Now we will use a CountVectorizer to split up each message into its list of words, and throw that into a MultinomialNB classifier. Call fit() and we've got a trained spam filter ready to go! It's just that easy.

In [11]:
vectorizer = CountVectorizer()
counts = vectorizer.fit_transform(trainx['message'].values)

classifier = MultinomialNB()
targets = trainy['class'].values
classifier.fit(counts, targets)

MultinomialNB()

In [12]:
trainx.head()

Unnamed: 0,message
C:\MLCourse\emails/ham\01458.faf90fabe2c118e46dd6a60139a7317f,\n\nRobert Strickler said:\n\n\n\n> Looks like...
C:\MLCourse\emails/ham\01588.f0623dc7b744dd2ba0417f8f0a98662f,"Hi,\n\n\n\nIs it possible to use razor without..."
C:\MLCourse\emails/ham\00895.0c7898bdc5199ca3efd6af04c80430d0,"she read the links. what must it be like, she ..."
C:\MLCourse\emails/ham\01021.3fc1c0955f38f5873882a577f00a5f2c,"\n\nHi Folks,\n\n\n\nI've been trying to set a..."
C:\MLCourse\emails/ham\00599.94c013ab7037d45045aafbac3389bef0,Chuck Murcko wrote:\n\n> > The usual crud. Wh...
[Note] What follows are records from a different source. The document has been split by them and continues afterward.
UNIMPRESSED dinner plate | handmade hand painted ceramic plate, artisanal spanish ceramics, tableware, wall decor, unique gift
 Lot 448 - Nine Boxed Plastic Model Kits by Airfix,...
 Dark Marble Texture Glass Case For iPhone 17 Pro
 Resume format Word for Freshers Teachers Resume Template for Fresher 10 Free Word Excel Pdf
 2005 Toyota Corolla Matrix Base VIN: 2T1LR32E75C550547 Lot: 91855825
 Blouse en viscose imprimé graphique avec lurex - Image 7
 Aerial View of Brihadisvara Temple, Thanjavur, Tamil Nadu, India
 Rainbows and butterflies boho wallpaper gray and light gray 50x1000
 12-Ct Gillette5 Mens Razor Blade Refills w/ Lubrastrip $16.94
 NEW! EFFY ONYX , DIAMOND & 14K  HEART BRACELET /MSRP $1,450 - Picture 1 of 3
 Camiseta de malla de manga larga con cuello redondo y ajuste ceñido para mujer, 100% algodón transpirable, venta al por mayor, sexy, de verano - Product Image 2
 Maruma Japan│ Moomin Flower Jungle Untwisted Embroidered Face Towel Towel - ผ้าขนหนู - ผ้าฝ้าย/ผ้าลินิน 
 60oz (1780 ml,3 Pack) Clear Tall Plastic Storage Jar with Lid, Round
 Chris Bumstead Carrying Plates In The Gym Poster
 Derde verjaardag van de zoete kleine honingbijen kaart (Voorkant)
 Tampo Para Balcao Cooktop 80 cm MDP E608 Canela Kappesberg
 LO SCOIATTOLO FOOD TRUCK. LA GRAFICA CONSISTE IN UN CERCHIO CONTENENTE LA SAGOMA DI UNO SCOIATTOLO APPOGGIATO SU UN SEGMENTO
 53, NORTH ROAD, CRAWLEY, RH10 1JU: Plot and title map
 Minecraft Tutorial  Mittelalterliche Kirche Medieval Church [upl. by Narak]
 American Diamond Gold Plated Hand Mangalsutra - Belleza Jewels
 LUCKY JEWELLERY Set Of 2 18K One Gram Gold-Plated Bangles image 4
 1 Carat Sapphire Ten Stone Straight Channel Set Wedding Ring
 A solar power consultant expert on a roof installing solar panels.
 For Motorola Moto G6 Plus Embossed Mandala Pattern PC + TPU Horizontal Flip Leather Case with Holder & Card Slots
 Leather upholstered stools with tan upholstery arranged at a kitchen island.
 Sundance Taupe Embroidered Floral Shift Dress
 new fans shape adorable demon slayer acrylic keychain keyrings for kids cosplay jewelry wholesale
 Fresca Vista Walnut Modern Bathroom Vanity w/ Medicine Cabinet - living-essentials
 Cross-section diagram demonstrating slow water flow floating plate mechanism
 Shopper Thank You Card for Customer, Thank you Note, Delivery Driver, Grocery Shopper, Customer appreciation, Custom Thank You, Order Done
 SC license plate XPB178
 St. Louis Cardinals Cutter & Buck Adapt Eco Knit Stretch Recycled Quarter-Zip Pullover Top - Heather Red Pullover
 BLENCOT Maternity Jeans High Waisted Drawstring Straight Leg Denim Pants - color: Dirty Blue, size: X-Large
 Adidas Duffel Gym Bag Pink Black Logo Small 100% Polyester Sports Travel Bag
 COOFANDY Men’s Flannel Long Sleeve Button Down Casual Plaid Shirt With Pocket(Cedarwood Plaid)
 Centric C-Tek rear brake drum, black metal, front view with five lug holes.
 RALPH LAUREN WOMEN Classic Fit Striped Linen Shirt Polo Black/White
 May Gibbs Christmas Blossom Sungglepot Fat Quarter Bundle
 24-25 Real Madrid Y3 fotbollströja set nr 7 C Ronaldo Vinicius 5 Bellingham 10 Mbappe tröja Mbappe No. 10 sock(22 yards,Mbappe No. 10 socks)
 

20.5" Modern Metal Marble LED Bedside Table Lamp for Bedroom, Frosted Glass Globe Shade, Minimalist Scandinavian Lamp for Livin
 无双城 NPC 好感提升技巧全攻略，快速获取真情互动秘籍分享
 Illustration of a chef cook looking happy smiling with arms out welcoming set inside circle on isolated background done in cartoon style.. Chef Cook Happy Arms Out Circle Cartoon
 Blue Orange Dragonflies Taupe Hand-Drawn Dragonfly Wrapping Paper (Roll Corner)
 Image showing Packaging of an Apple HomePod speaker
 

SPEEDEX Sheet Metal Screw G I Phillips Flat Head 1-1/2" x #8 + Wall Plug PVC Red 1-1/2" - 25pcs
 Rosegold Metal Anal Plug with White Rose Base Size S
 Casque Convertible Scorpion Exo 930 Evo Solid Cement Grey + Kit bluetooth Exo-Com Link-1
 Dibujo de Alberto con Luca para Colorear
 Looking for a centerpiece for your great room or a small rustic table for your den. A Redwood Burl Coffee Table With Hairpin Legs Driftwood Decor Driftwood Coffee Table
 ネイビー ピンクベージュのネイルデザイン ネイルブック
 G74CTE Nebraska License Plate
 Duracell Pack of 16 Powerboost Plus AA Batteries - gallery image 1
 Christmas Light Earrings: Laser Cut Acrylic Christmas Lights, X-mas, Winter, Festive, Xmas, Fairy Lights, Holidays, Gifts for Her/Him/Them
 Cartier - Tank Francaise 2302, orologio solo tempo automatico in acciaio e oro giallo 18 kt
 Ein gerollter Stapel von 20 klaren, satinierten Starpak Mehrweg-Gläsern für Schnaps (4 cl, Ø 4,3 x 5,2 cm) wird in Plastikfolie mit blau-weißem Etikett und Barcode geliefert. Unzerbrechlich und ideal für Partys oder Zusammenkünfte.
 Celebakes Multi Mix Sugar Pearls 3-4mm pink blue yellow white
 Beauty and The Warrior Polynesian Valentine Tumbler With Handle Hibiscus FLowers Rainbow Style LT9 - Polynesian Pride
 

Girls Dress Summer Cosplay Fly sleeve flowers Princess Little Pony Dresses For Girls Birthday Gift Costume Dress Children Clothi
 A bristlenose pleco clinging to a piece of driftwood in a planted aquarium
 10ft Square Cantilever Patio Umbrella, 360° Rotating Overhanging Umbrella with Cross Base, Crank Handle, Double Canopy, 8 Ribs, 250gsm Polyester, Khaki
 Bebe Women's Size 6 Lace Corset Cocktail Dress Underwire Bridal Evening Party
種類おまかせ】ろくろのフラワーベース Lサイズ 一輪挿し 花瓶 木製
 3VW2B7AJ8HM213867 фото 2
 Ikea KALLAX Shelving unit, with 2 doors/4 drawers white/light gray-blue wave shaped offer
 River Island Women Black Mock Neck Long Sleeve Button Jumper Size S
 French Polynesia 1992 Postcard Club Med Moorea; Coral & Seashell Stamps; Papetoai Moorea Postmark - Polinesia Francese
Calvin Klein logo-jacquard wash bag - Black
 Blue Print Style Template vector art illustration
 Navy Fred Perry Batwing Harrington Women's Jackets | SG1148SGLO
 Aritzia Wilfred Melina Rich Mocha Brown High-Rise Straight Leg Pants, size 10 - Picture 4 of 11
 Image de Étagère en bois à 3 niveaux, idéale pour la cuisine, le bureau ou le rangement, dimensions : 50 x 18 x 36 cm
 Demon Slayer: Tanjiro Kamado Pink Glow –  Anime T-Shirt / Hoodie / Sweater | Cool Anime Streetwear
### Testing the model on the test set

In [13]:
testx_counts = vectorizer.transform(testx["message"].values)

In [14]:
predictions = classifier.predict(testx_counts)

In [15]:
predictions[:5]

array(['ham', 'spam', 'ham', 'ham', 'ham'], dtype='<U4')

### Model Accuracy

In [16]:
acc_test = (predictions == np.array(testy["class"])).sum()/len(predictions)*100

In [17]:
print('The accuracy on the test set (1/3 of the data was used as a test set) is ' + str(acc_test) + "%.")

The accuracy on the test set (1/3 of the data was used as a test set) is 94.3%.


### Using the model on new email examples

Let's try it out:

In [18]:
examples = ['Free Viagra now!!!', "Hi Bob, how about a game of golf tomorrow?"]
example_counts = vectorizer.transform(examples)
predictions = classifier.predict(example_counts)
predictions

array(['spam', 'ham'], dtype='<U4')

In [19]:
examples1 = ["Ancient Healing Secrets Free Ebook"]
examples1_counts = vectorizer.transform(examples1)
predictions = classifier.predict(examples1_counts)
predictions

array(['spam'], dtype='<U4')

In [20]:
examples2 = ["2 new items in your Stack Exchange inbox"]
examples2_counts = vectorizer.transform(examples1)
predictions = classifier.predict(examples2_counts)
predictions

array(['spam'], dtype='<U4')

In [21]:
examples3 = ["UK Research and Innovation MRC funding opportunities Update"]
examples3_counts = vectorizer.transform(examples3)
predictions = classifier.predict(examples3_counts)
predictions

array(['ham'], dtype='<U4')

## Activity

Our data set is small, so our spam classifier isn't actually very good. Try running some different test emails through it and see if you get the results you expect. **<u>Done</u>**.

If you really want to challenge yourself, try applying train/test to this spam classifier - see how well it can predict some subset of the ham and spam emails. **<u>Done</u>**.